Expected behavior The pipeline is created AND results are returned.
Observed behavior
The call fails with Expected positive long value, got -24 error message. But it appears the pipeline is actually created.
Here is error, when executing pipe = gds.lp_pipe("foo")
---------------------------------------------------------------------------
DatabaseError Traceback (most recent call last)
Cell In[2], line 1
----> 1 pipe = gds.lp_pipe("foo")
File ~/pyenv/lib64/python3.9/site-packages/graphdatascience/pipeline/pipeline_endpoints.py:26, in PipelineEndpoints.lp_pipe(self, name)
16 """
17 Create a Link Prediction training pipeline, with all default settings.
18
(...)
23 A new instance of a Link Prediction pipeline object.
24 """
25 runner = PipelineBetaProcRunner(self._query_runner, f"{self._namespace}.beta.pipeline", self._server_version)

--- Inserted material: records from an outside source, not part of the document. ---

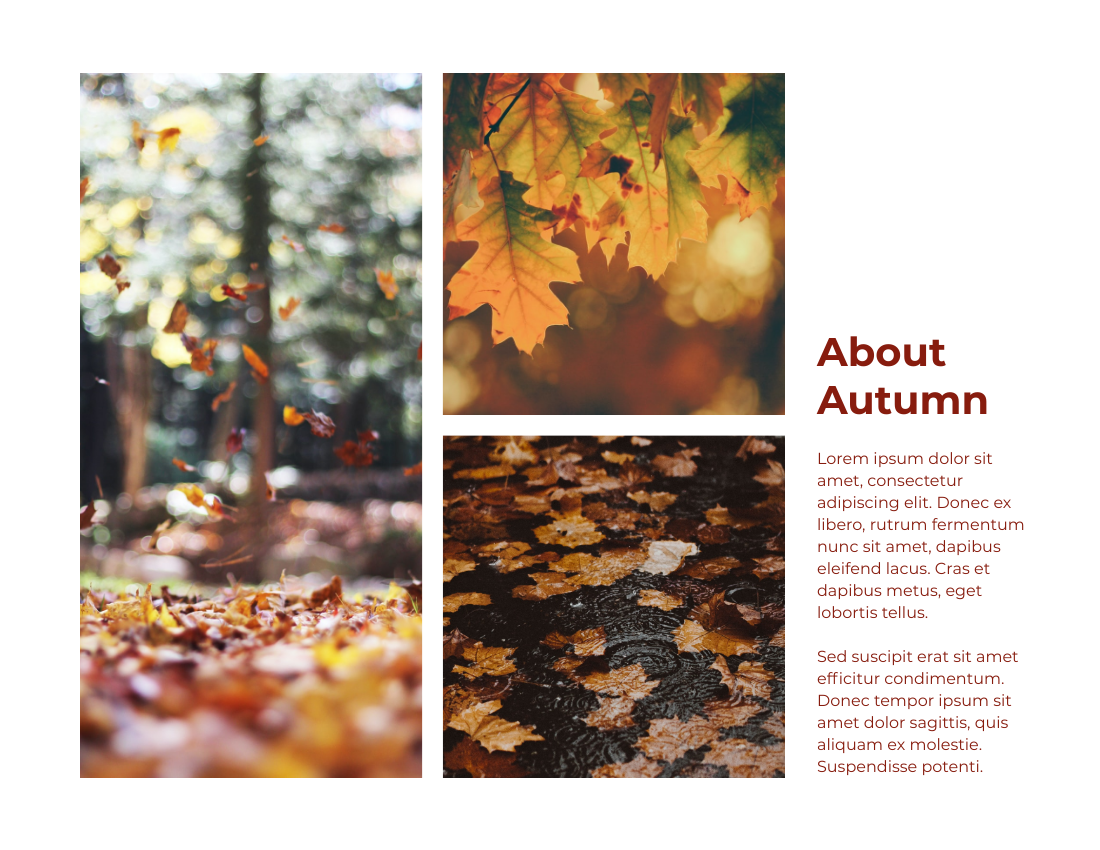季節性照相簿 模板。 Recording Autumn Seasonal Photo Book (由 Visual Paradigm Online 的季節性照相簿軟件製作)
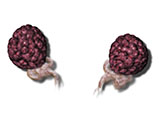 embedding_rat_ovaries.jpg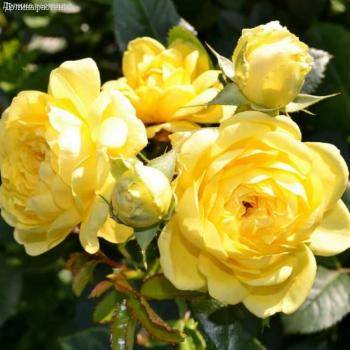 Роза Анни Дюпрей в горшке - Dolinasad.by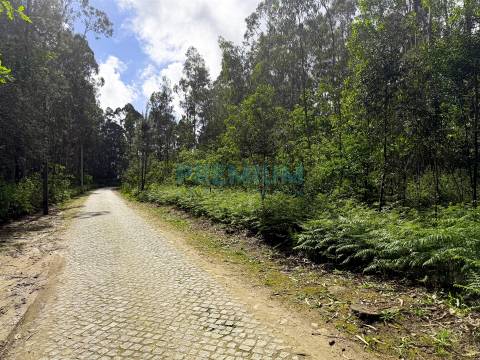 Lote de Terreno  Venda em Creixomil e Mariz,Barcelos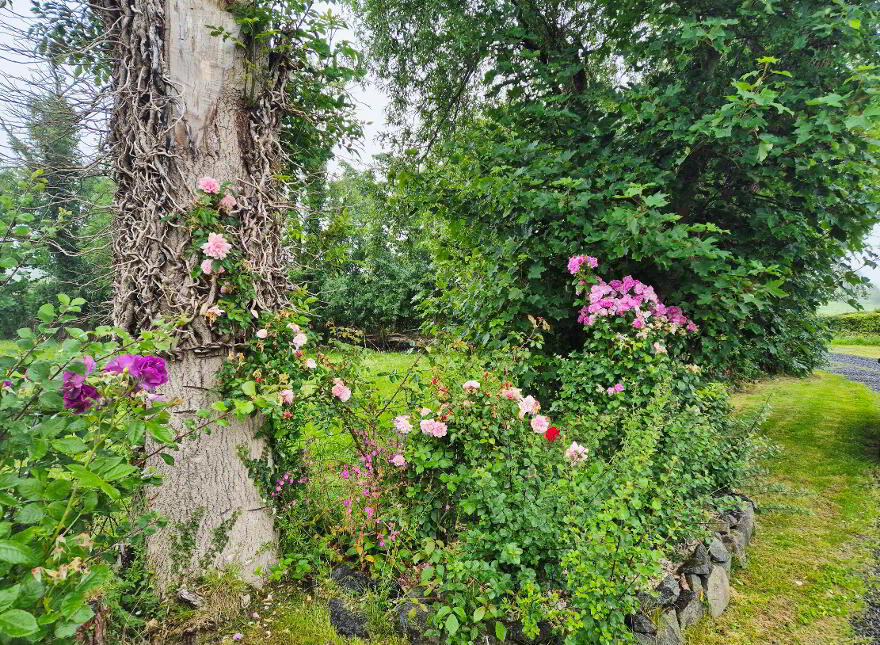 Plum Tree Cottage, 55 Newbridge Road, Coleraine, BT52 1TR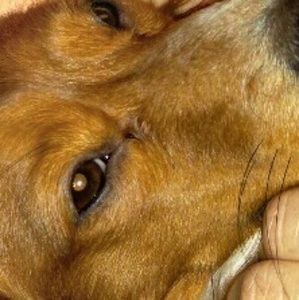 Meet your Posher, Sergio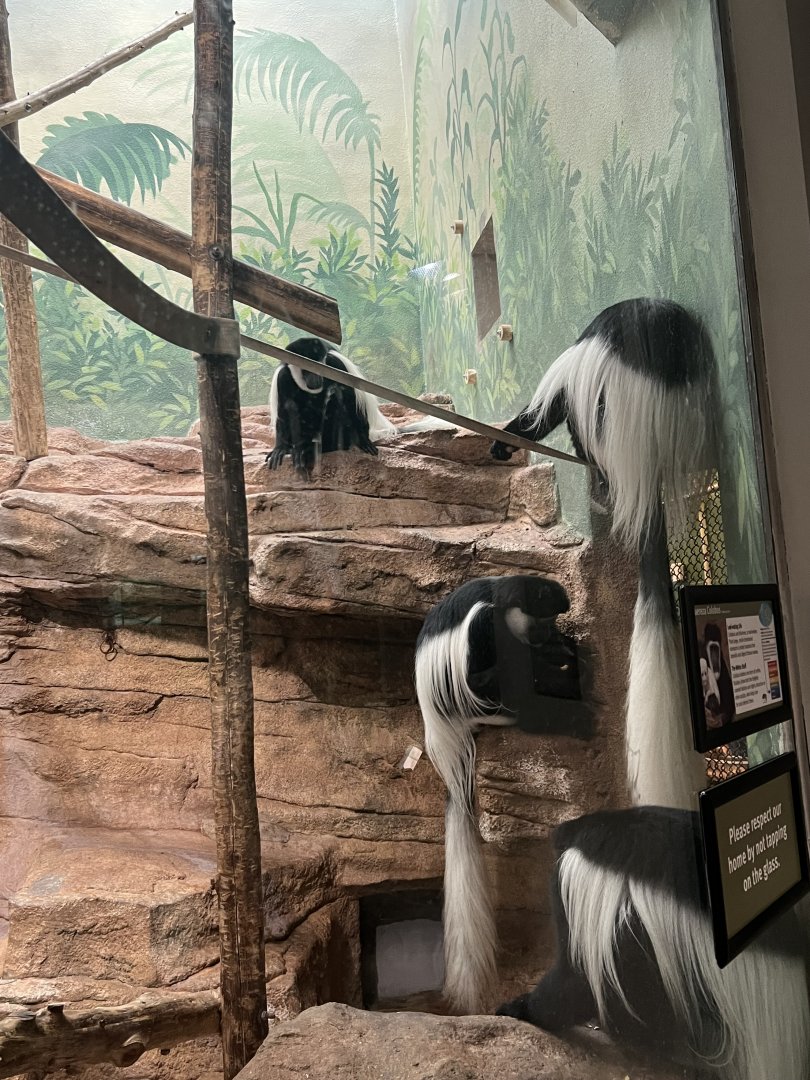 Black-and-White Colobus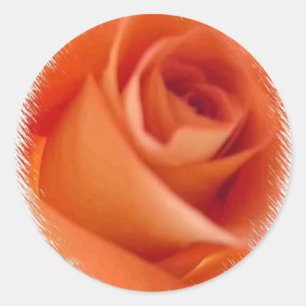 ETIQUETA COR-DE-ROSA DO SELO DO ENVELOPE DO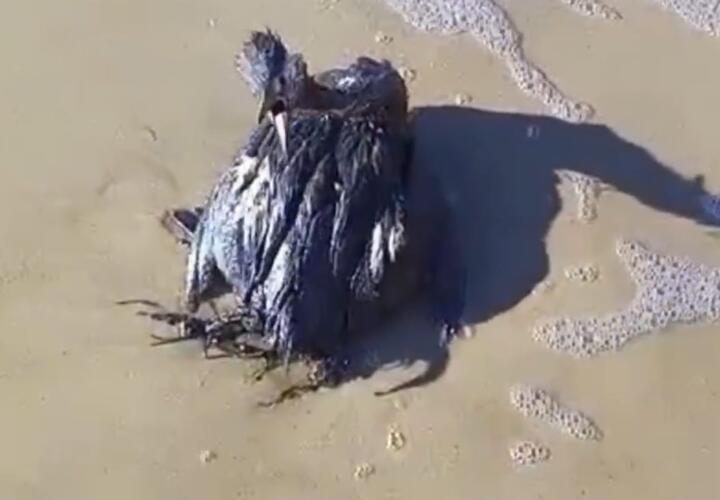Больно смотреть: после крушения танкеров в Керченском проливе кубанцы находят измазанных в мазуте птиц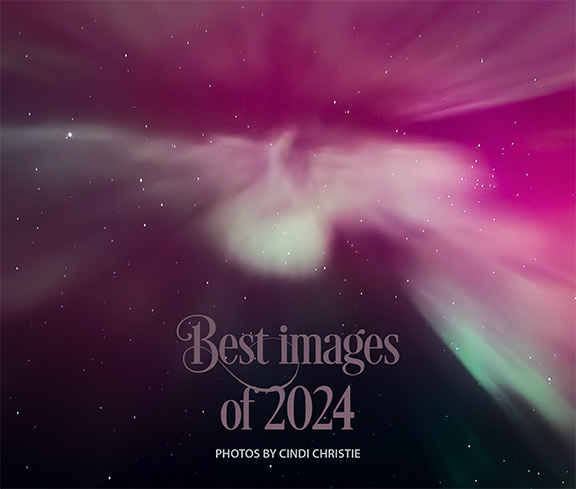 Best of 2024 photo e-book
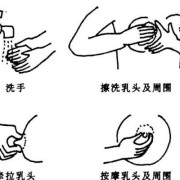 孕期奶头护理（孕期奶头护理怎么做）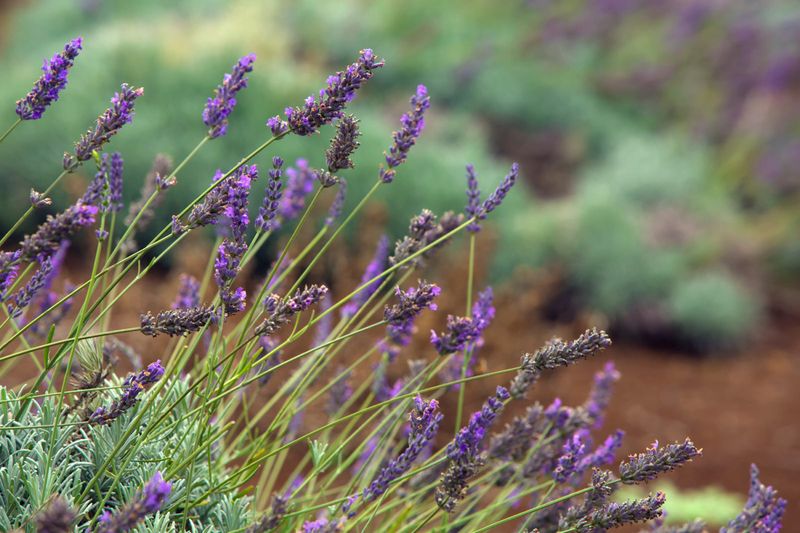 Lavender Suffers When Cut Into Old Woody Growth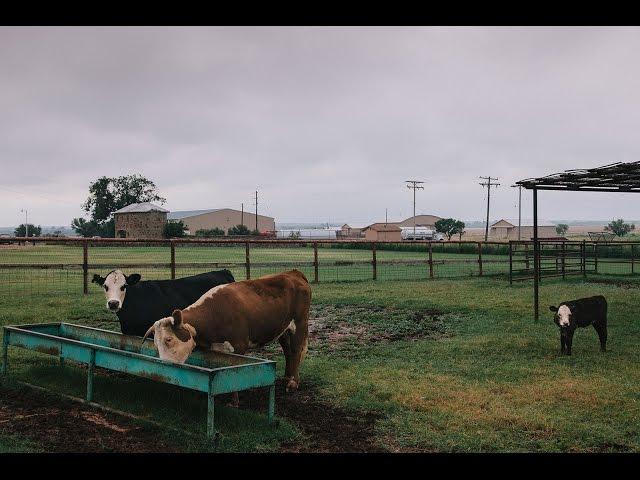 Waggoner Ranch: Iconic Chunk of Texas for Sale at $725 Million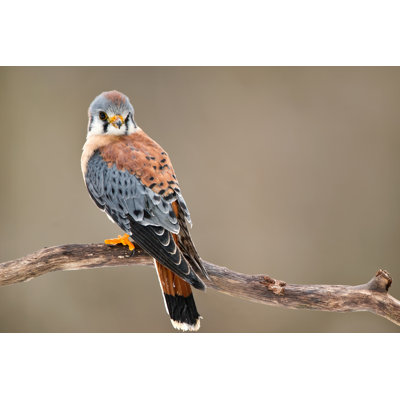 Kestrel Hawk by Mrclark321 - Wrapped Canvas Print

---> 26 p, _ = runner.linkPrediction.create(name)
27 return p
File ~/pyenv/lib64/python3.9/site-packages/graphdatascience/pipeline/lp_pipeline_create_runner.py:16, in LPPipelineCreateRunner.create(self, name)
14 query = f"CALL {self._namespace}($name)"
15 params = {"name": name}
---> 16 result = self._query_runner.run_query(query, params).squeeze()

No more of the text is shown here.